The American Way of War: Part 2-How Americans Wage War
Sun Jun 8 01:57:31 2008
The Weigley article “How Americans Wage War” (in Chambers & Piehler, 1999) is an attempt to summarize the much fuller and slightly different treatment in his book The American Way of War written toward the end of the Vietnam War. Weigley devotes Part One of The American Way of War to America’s approach to waging war with limited resources during the Revolution and the early years of the Republic. He devotes a chapter to Washington and his strategy of attrition and another to Nathanael Greene and his strategy of partisan or guerilla warfare.
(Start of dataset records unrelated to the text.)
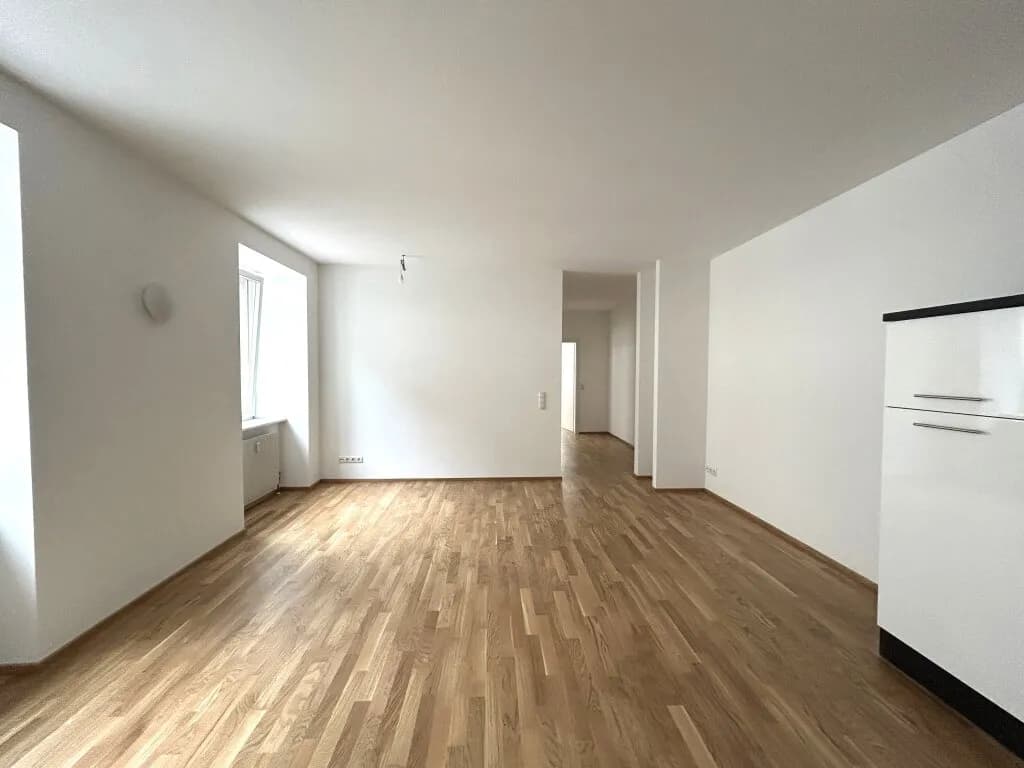 4-Zimmer-Wohnung mieten in Feldkirch – 83,15 m², € 1.881 – Bild 4 von 13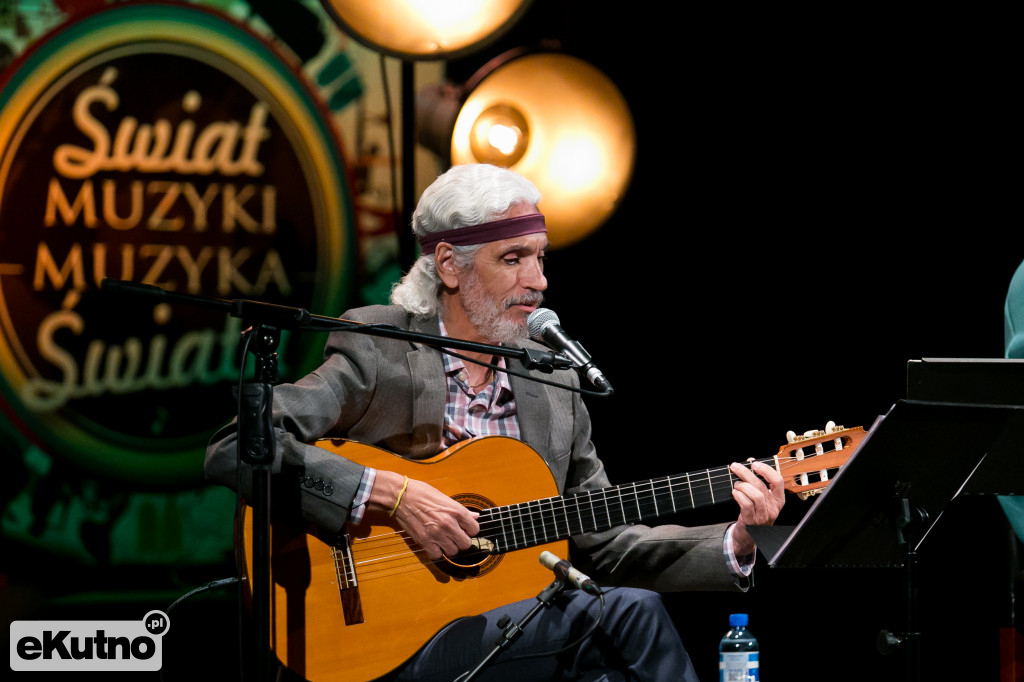Świat Muzyki Muzyka Świata - bossa nova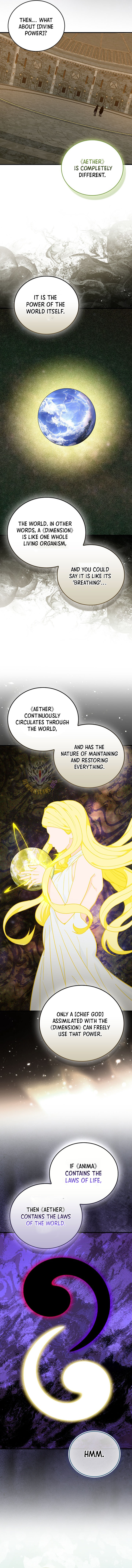 To Hell With Being A Saint, I’m A Doctor Chapter 174 - Page 4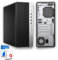 Ordenador Torre PC Business y Multimedia | i7 8700 3,2 GHz 12 hilos | 32 GB de RAM | 1 SSD TERA | WiFi y Bluetooth | Office 2021 Professional y Wind 11 Pro | 36 meses de garantía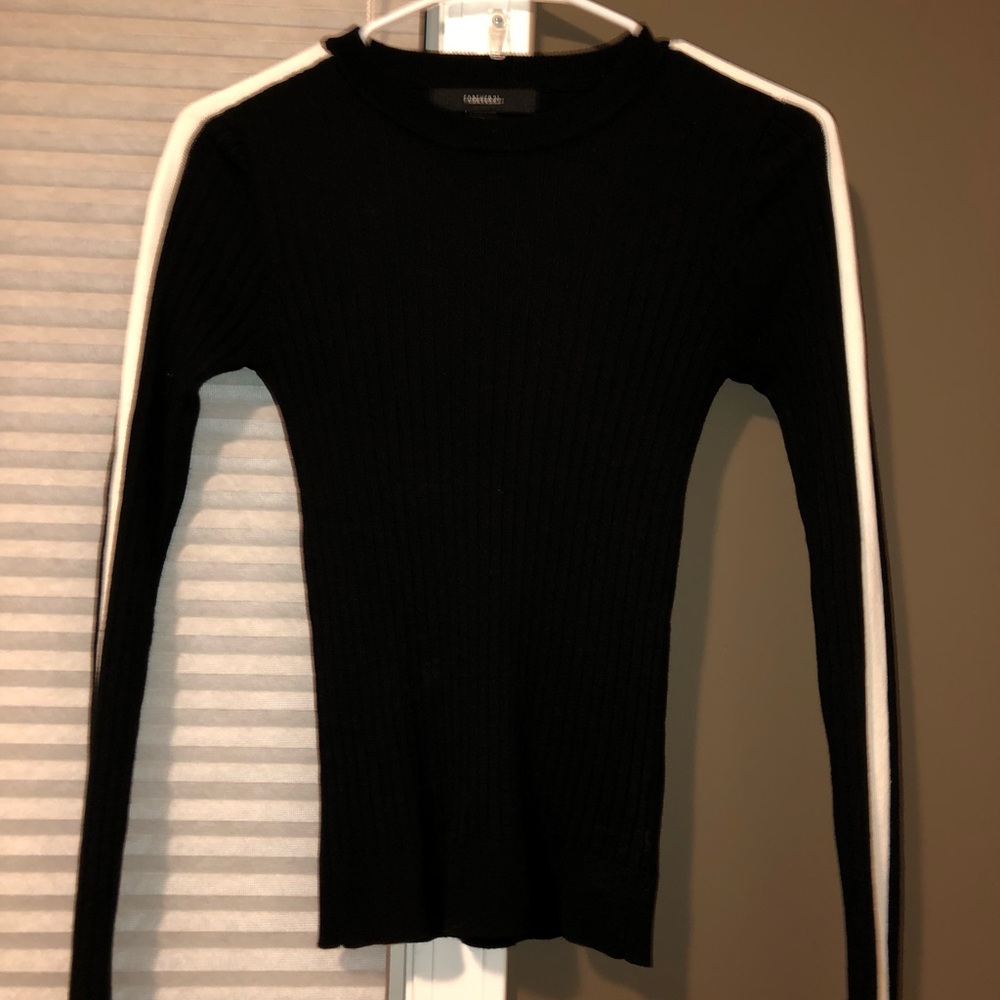 top from Forever21
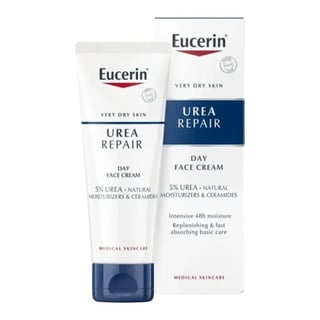 Eucerin Urea Repair Day Face Cream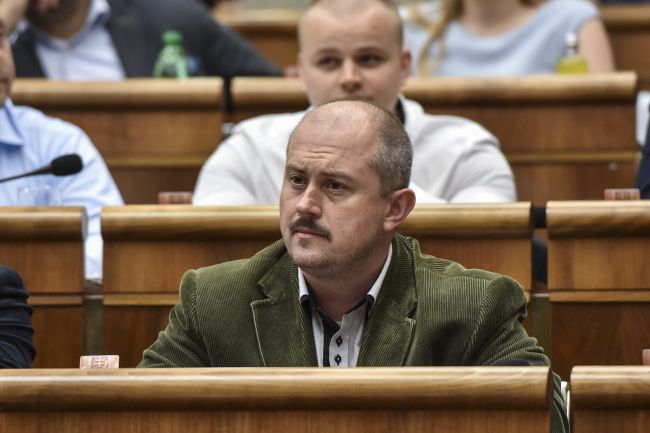 ĽSNS žiada zmenu spôsobu voľby generálneho prokurátora SR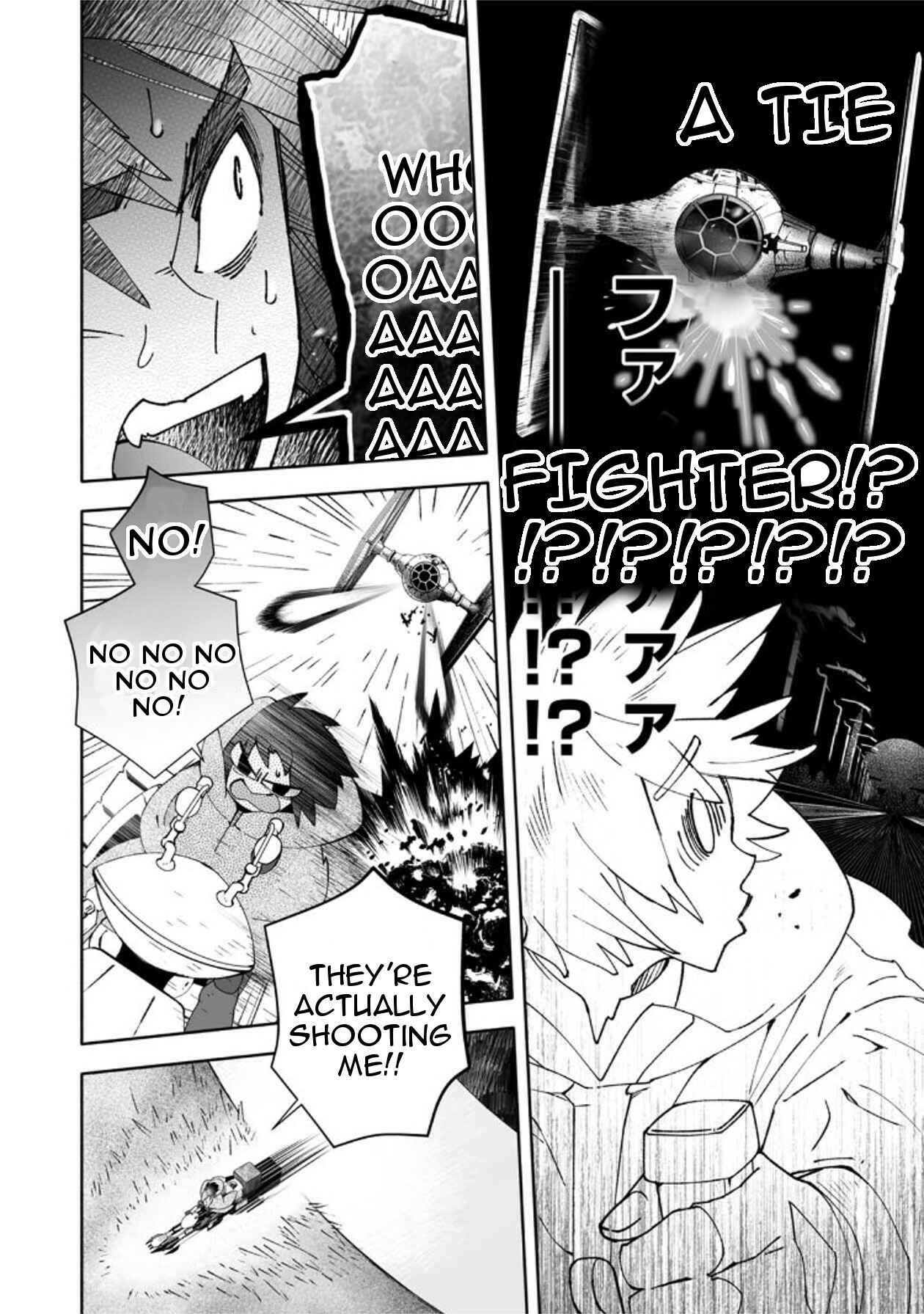 Page 32 Chapter 1 STAR WARS Rebels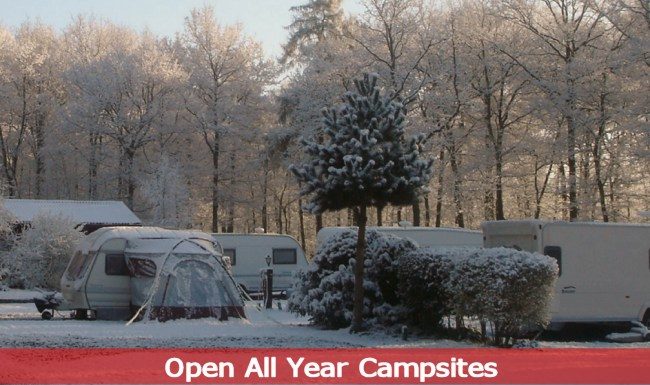 Are caravan sites open in Spain? Are caravan sites open in Spain?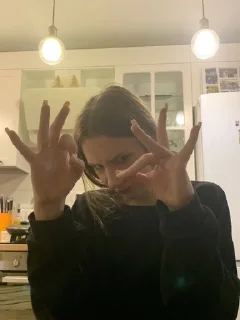 👌 emoji дашкевич Telegram sticker 8 of 26
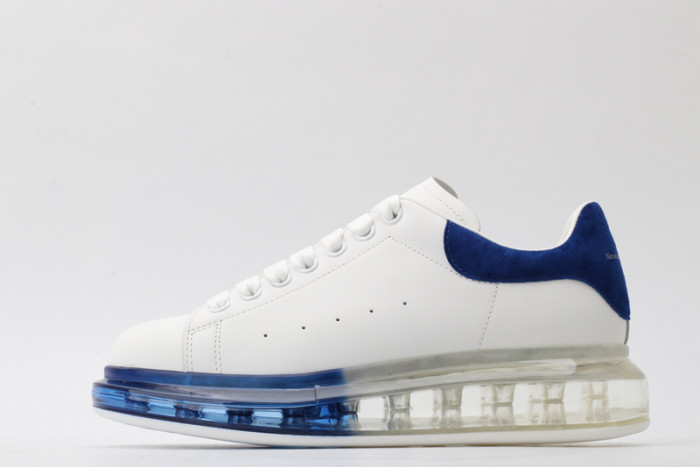 ALEXMQ Sole Sneakers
He argues that these were important parts of the American military tradition that have been replaced by the strategy of annihilation, developed during the Civil War and was applied with great success in World War II.
Weigley, following Wylie’s Military Strategy, thought that war represented a collapse of policy and once war begins it has a logic of it’s own that is beyond the control of policy. The thought that the US can achieve its goals by a limited, measured and controlled application of coercive or punitive violence is an illusion. The US will either have to eventually commit to a costly unlimited war or more likely accept some level of defeat. Weigley believe that “the history of usable combat may at last be reaching its end.”
In his article “How Americans Wage War” (1999), Weigley has altered his original position somewhat to suggest that the model of Washington and Greene may offer a valid contemporary alternative to total war and the strategy of annihilation.